Are people in Spain starting to realise what you've achieved in English football?
"No, not really, and this doesn't bother me. Football is about players; we managers are here to help them. Back in Spain, people have heard about Wigan, because it's the only Premier League club managed by a Spaniard... but they don't really know my story. I left when I was very young, only 21. I'd prefer them to know about my players rather than myself."
But should you go back to Spain, wouldn't you be able to bring something different to its league, as you're a man who belongs not to one, but two football cultures?

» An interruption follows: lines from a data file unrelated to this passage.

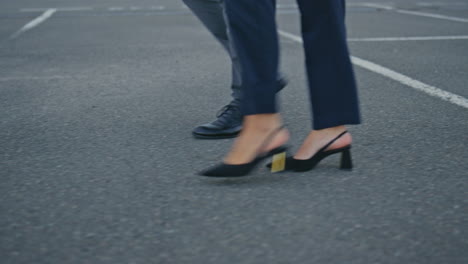 gente de negocios con las piernas pisando la acera de la ciudad apresurándose a reunirse de cerca.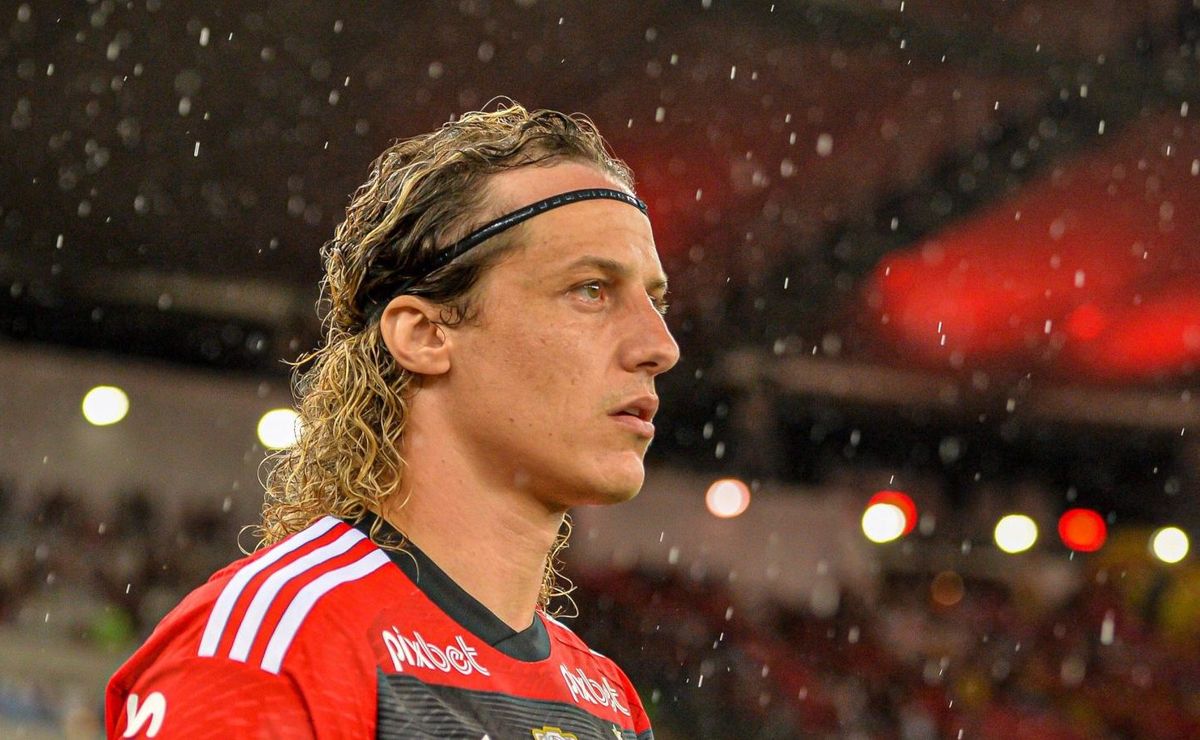 7 dias após deixar o flamengo, david luiz aceita assinar com rival para realizar sonho de criança 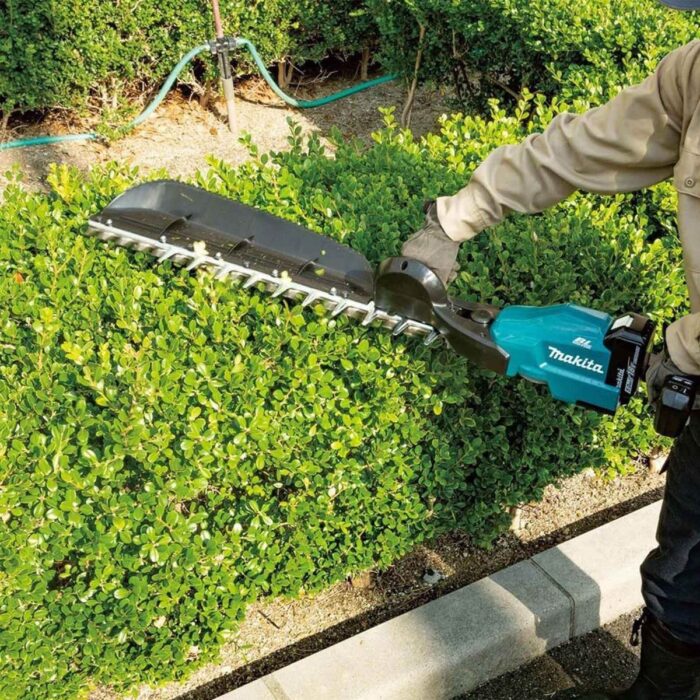 Makita UH014GD202 40v 40vmax XGT 75 cm Brushless Hedge Trimmer with 2 x 2.5Ah Batteries and Charger - Image 3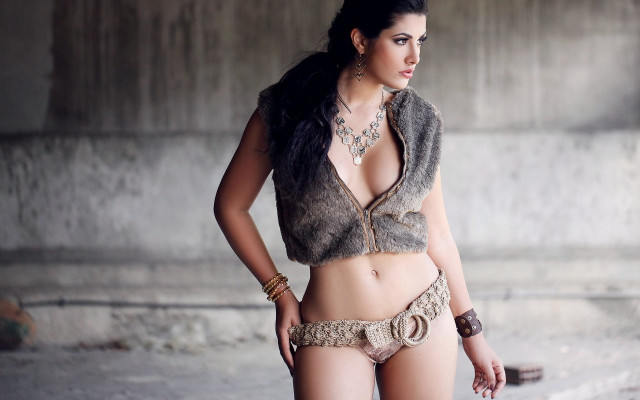 Woman bikini belt necklace jewelry free wallpaper for desktop - medium preview image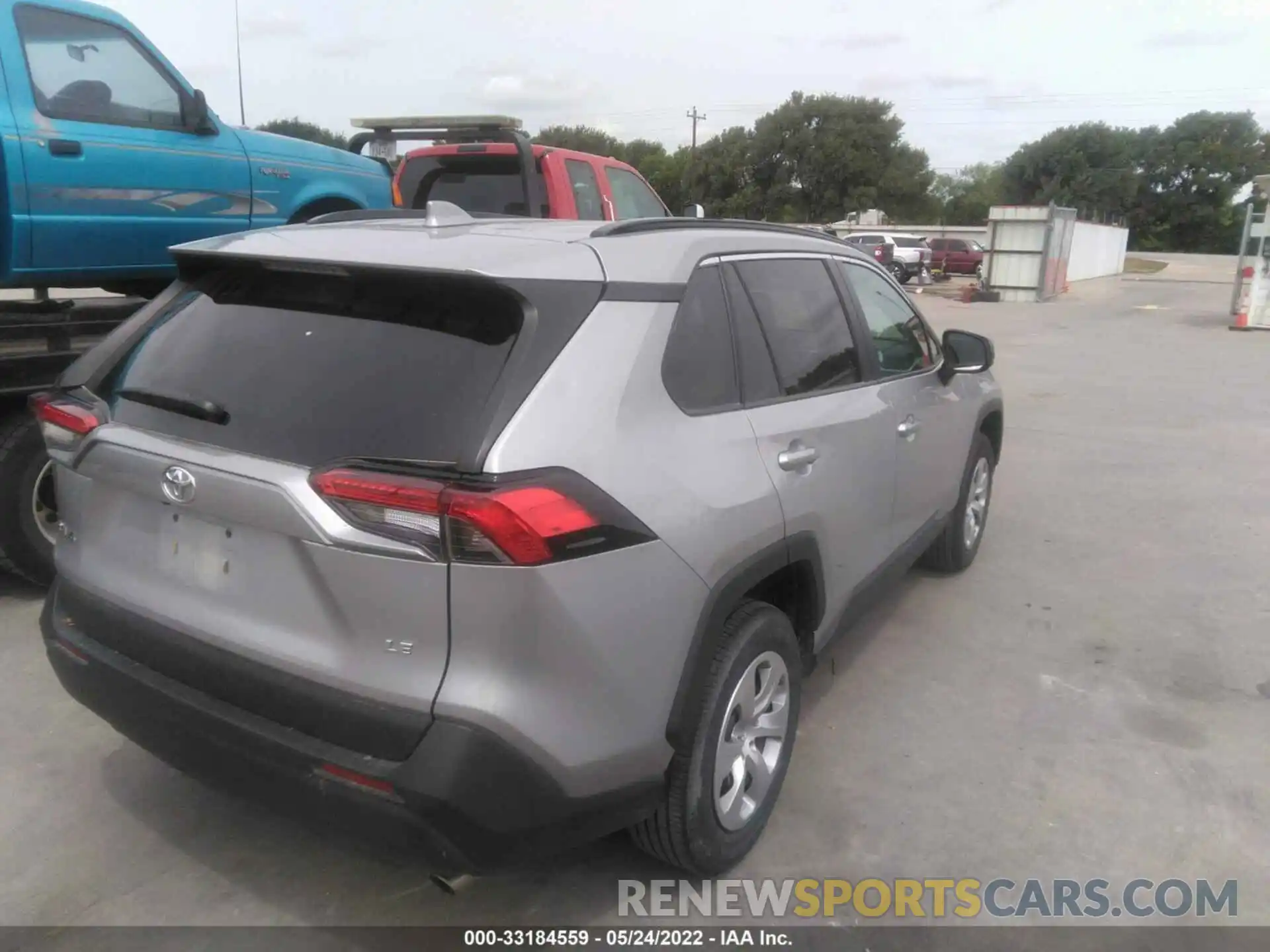 4 Photograph of a damaged car 2T3H1RFV8MW143061 TOYOTA RAV4 2021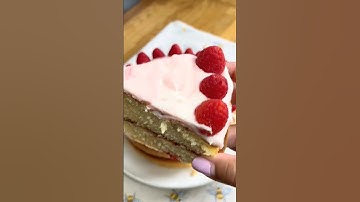 Raspberry Ripple Cake 🍥🍰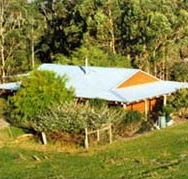 Cinnamon Coloureds Farmstay - VIC Tourism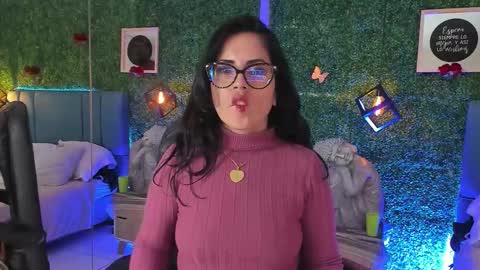 Snapshot of linagh chatting on 02/19/26, 11:39 Lina online show from 02/19/26, 11:39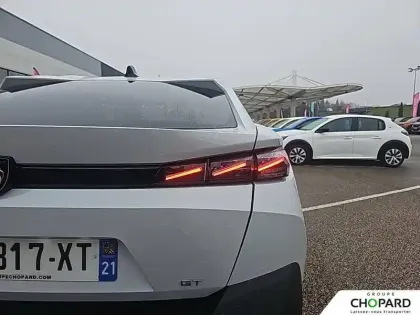 Photo 86 Peugeot 408  Hybrid 145 e-DCS6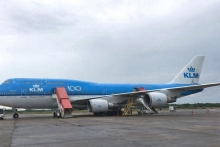 Olieoorlog en dure vliegtickets: wat betekent dit voor Suriname?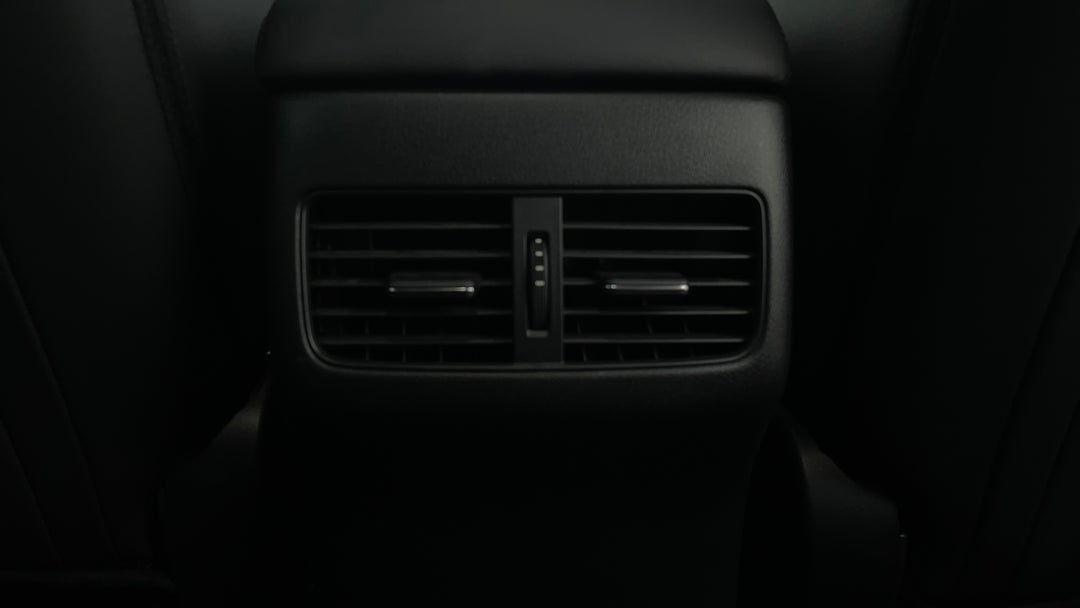 2019 Mazda 3 G20 Touring, Automatic, 34421 km, Rear A/C Vent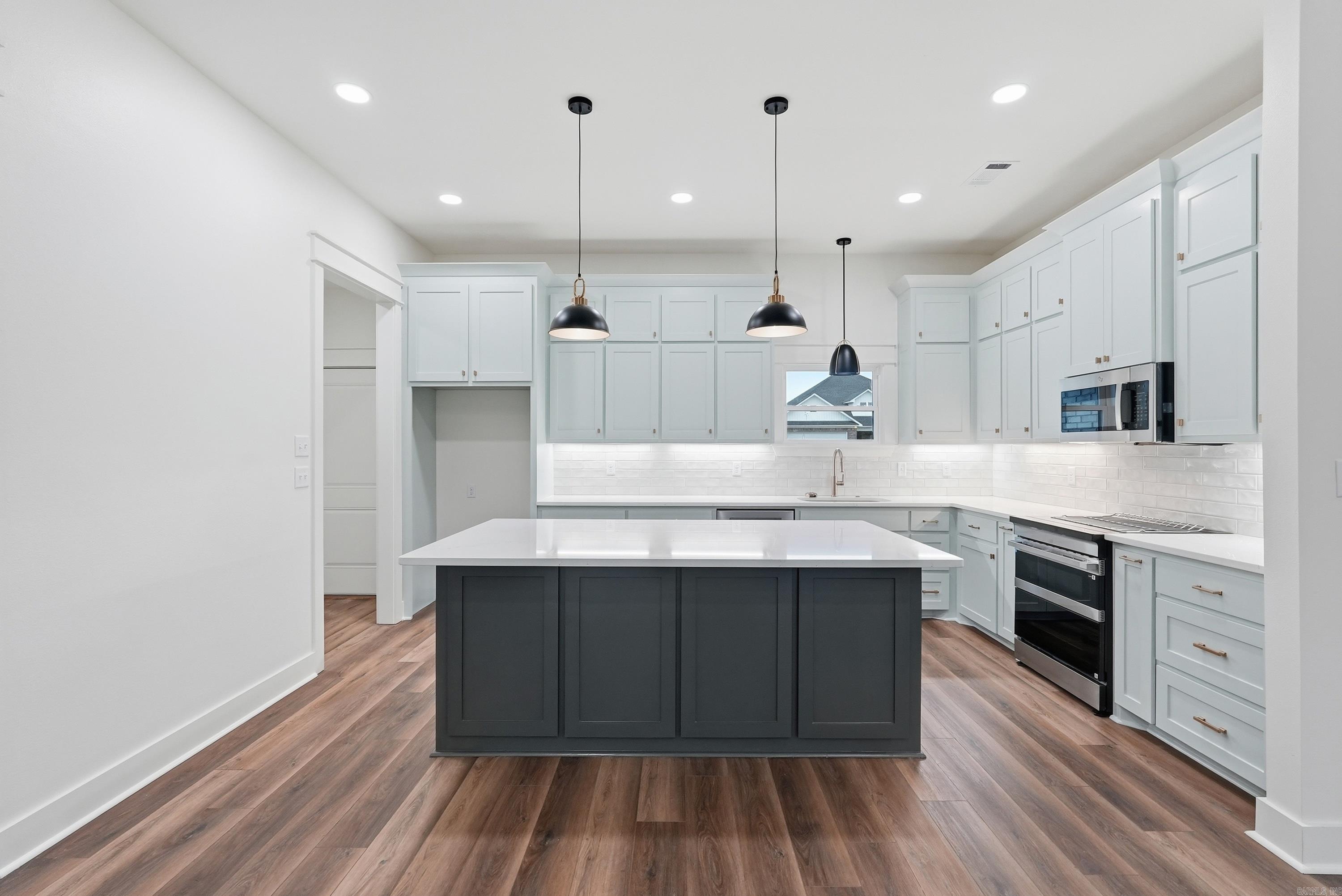 SUNSET LANDING - Residential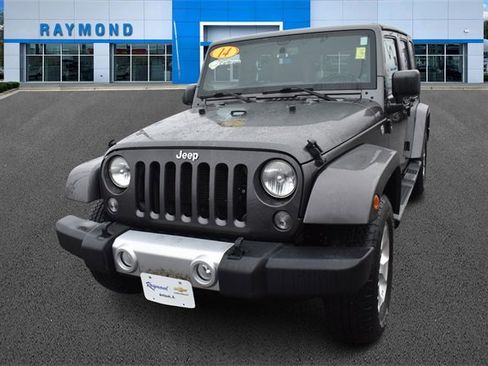 Used 2014 Jeep Wrangler Unlimited Sahara w/ Dual Top Group image 7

"Whatever happens in football has happened before. Look at Terry Venables and what he did at Barcelona. He succeeded there by bringing a very British kind of intensity to the Spanish game. As for me, I am Spanish. Look at my background, and look at the way I want the game to be played. But I'm well aware of what is needed to survive in the British game. It is a fascinating argument — different footballs, different cultures, and the way they can communicate with each other, not just in one direction. I suppose that it's the kind of dialogue I have with myself."